For immigrants, the steady deportations have compounded their frustration with Congress, where the House took no action this year after the Senate passed a bipartisan overhaul bill in June. Increasingly advocates are turning their pressure on the president, saying he should use his executive powers to halt removals.
A 24-year-old South Korean, Ju Hong, brought attention to those demands when he repeatedly interrupted Mr. Obama during a speech in San Francisco last month, calling on him to stop deportations of all unauthorized immigrants in the country. In recent days, anti-deportation protesters blocked entrances to immigration detention centers in southwestern Ohio, Northern Virginia and downtown Los Angeles, with more than two dozen people arrested.
In New Orleans, street sweeps by Immigration and Customs Enforcement agents this year also led to a protest. On Nov. 14, nearly two dozen demonstrators, including 14 immigrants without legal status, tied up midday traffic at one of the city’s busiest intersections for nearly three hours until the local police arrested them.

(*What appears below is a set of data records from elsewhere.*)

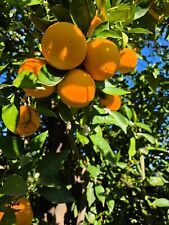 Sweet juicy naval for sale  Winnetka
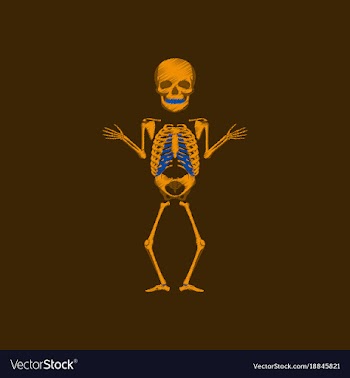 Flat shading style icon human skeleton vector image
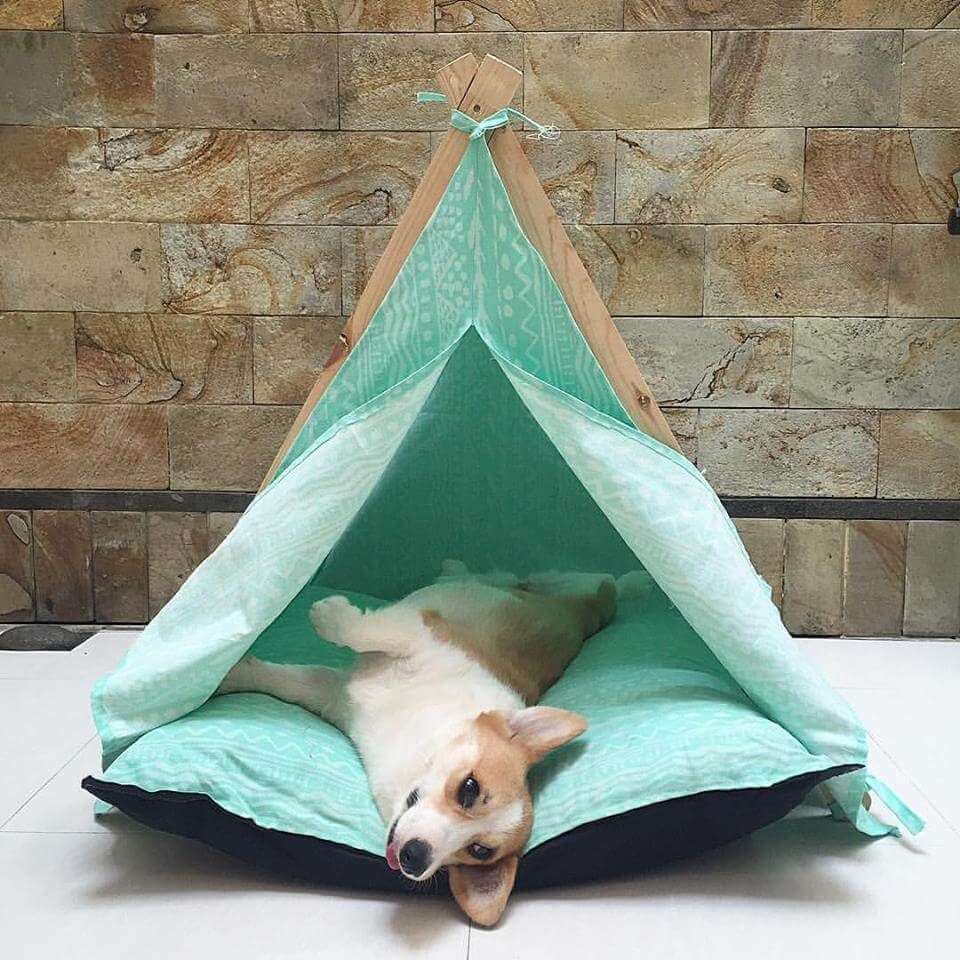 Corgi Eric Noah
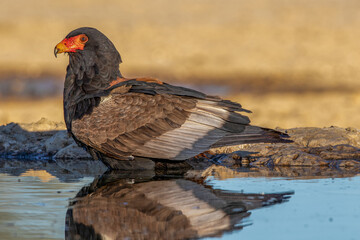Bateleur Eagle in the Kgalagadi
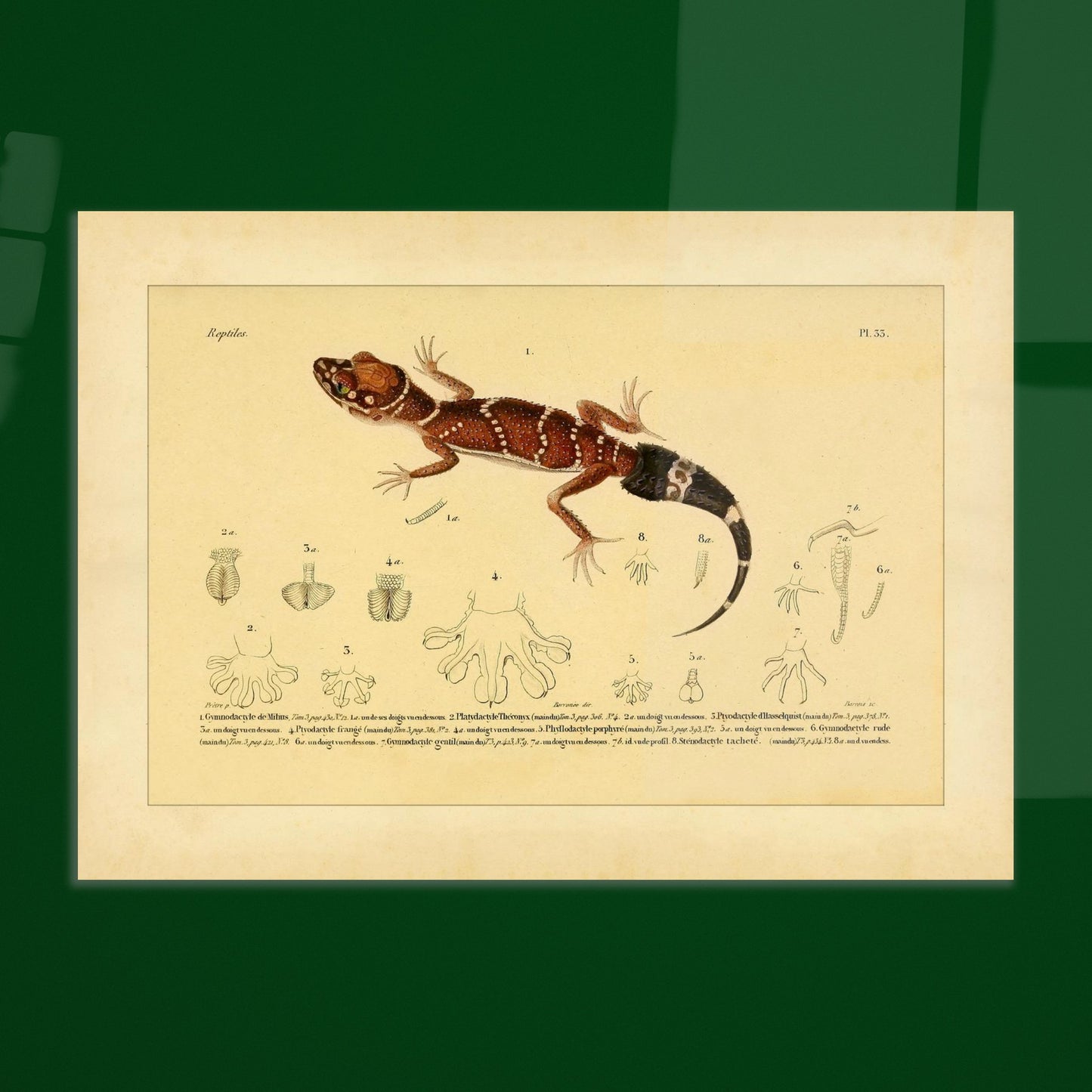 dc2e77ef-c8ae-4e86-8b24-43ee76cb2725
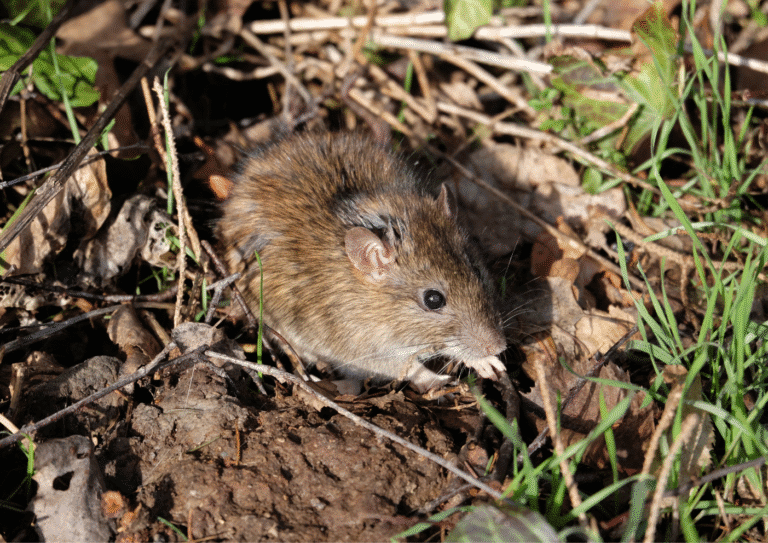 dératisation Deuil-la-Barre rats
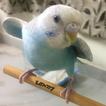 Budgie:Life Activities And Fun World Of Budgies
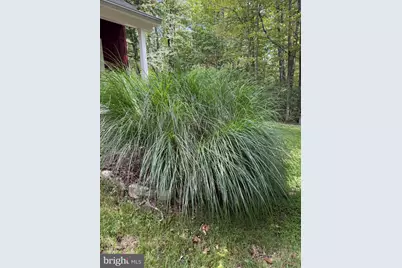 252 Racoon Drive, Oakland, MD 21550 - Photo 27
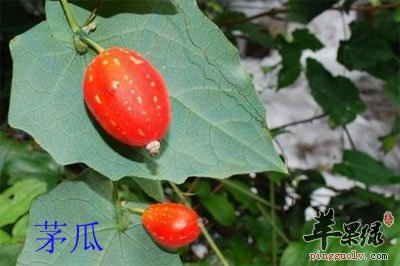 茅瓜.jpg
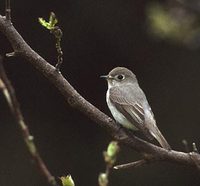 Asian Brown Flycatcher (Muscicapa dauurica) photo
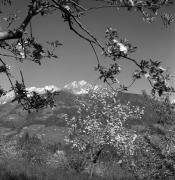 Obstbaum/Obst (Positivo) di Foto Elisabeth Fuchs-Hauffen, Überlingen/Bodensee,Fuchs-Hauffen, Elisabeth (1973/04/01 - 1973/04/43)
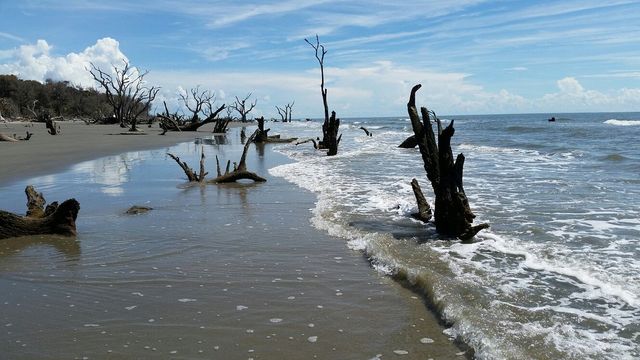 Charming Charleston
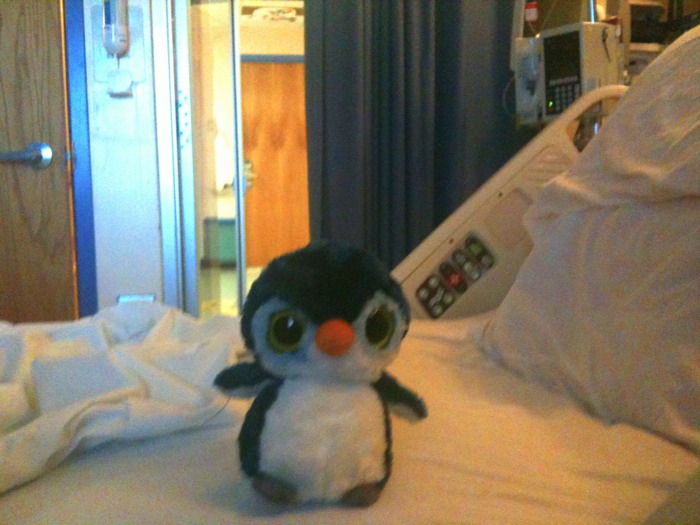 an stuffed penguin on the bed by the side of a door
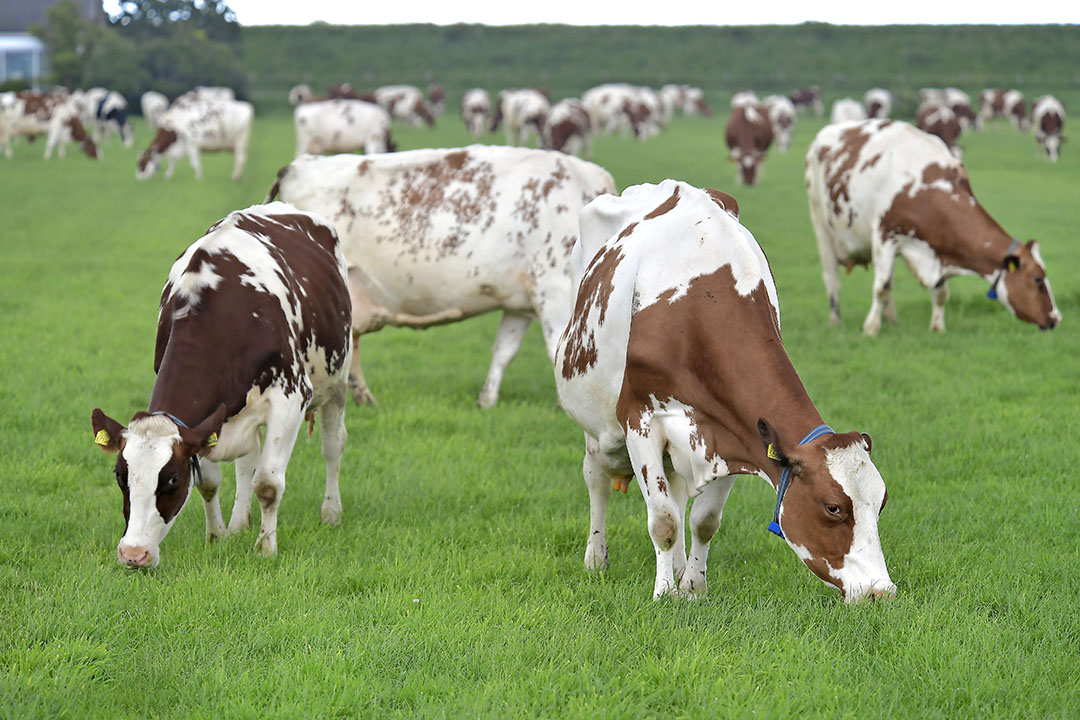 Tot nu toe is bij weidend vee niet bekend hoeveel vers gras zij opnemen.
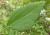 Img.VTax3070.Ex1.Img2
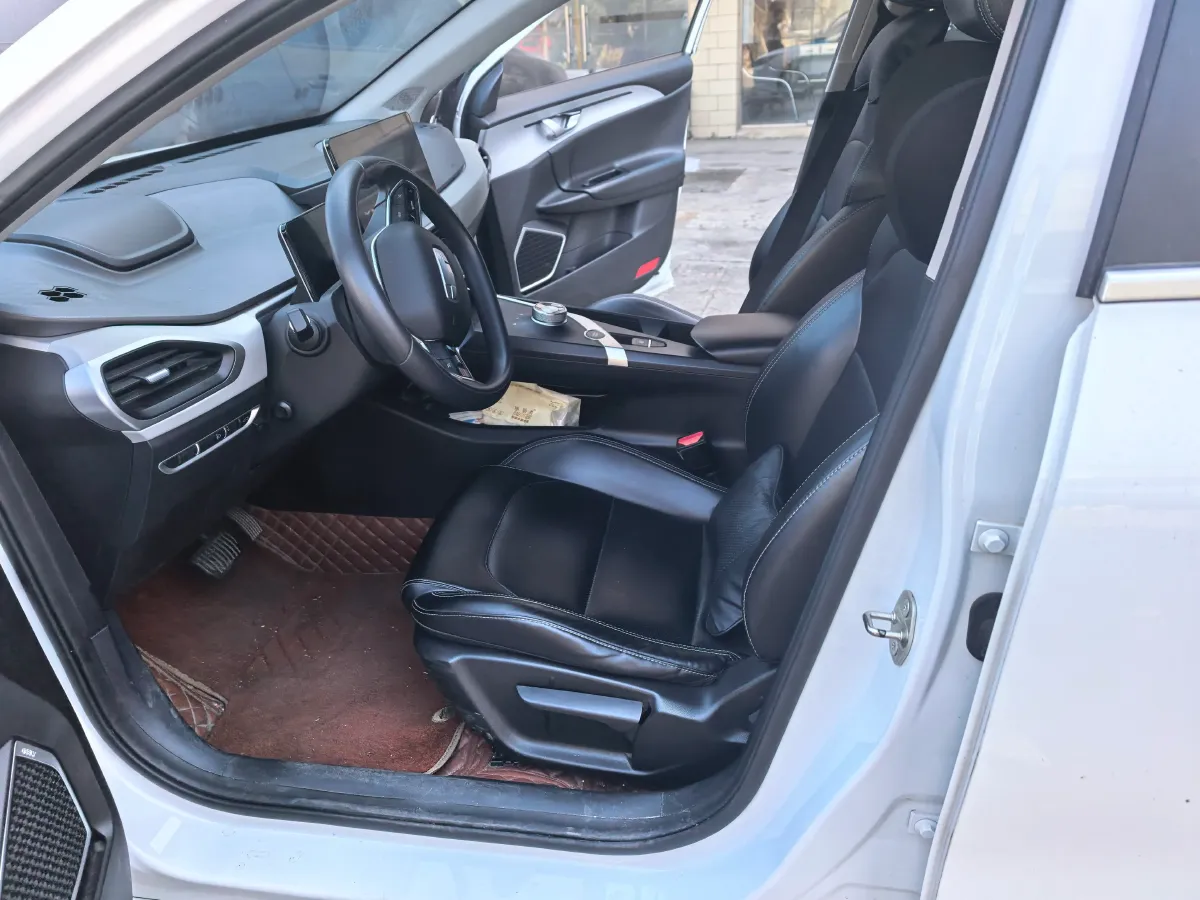 2021 Geometry A BEV 53KWH,autocango,china used car exporter,china ev exporter,chinese used car exporter,chinese used ev exporter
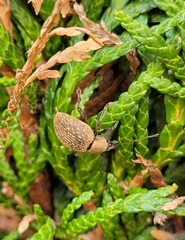 Otiorhynchus armadillo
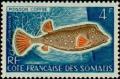Colnect-805-857-Yellow-Boxfish-Ostracion-tuberculatus.jpg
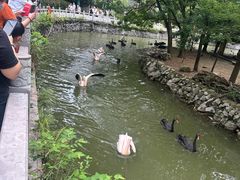 -黔灵山公园-南门售票处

“Our people feel they can’t go to the store to buy food or walk their children to school,” said Santos Alvarado, 51, a Honduran construction worker who joined the protest here even though he has legal papers. “We couldn’t be quiet any longer.”
Many immigrants here have been stunned by the arrests, in which some people seemed to be stopped based solely on their Latino appearance, because they had been living here uneventfully since they came in the chaotic days after Hurricane Katrina in 2005 to work on reconstruction.
One of those workers, Jimmy Barraza, was unloading a carful of groceries on Aug. 16 when agents pulled up with pistols drawn, handcuffing him as well as his teenage son, a United States citizen. A mobile fingerprint check of Mr. Barraza, who is also Honduran, revealed an old court order for his deportation.
Mr. Barraza, 28, won release from detention but is still fighting to remain. His wife is a longtime legal immigrant, and he has two other younger children who are American citizens.
“If they deport me,” he said, “who will keep my son in line? Who will support my family?”
Another Honduran, Irma Lemus, was packing fishing rods for a day on the bayou when cruising immigration agents spotted her family and stopped. A fingerprint check revealed that Ms. Lemus, too, had a deportation order.
“They handcuffed me in front of my children,” she recalled, speaking of a son who is 2 and a daughter who is 4.
After she spent 18 days in jail, lawyers won her release with an ankle monitor while immigration prosecutors weigh their options.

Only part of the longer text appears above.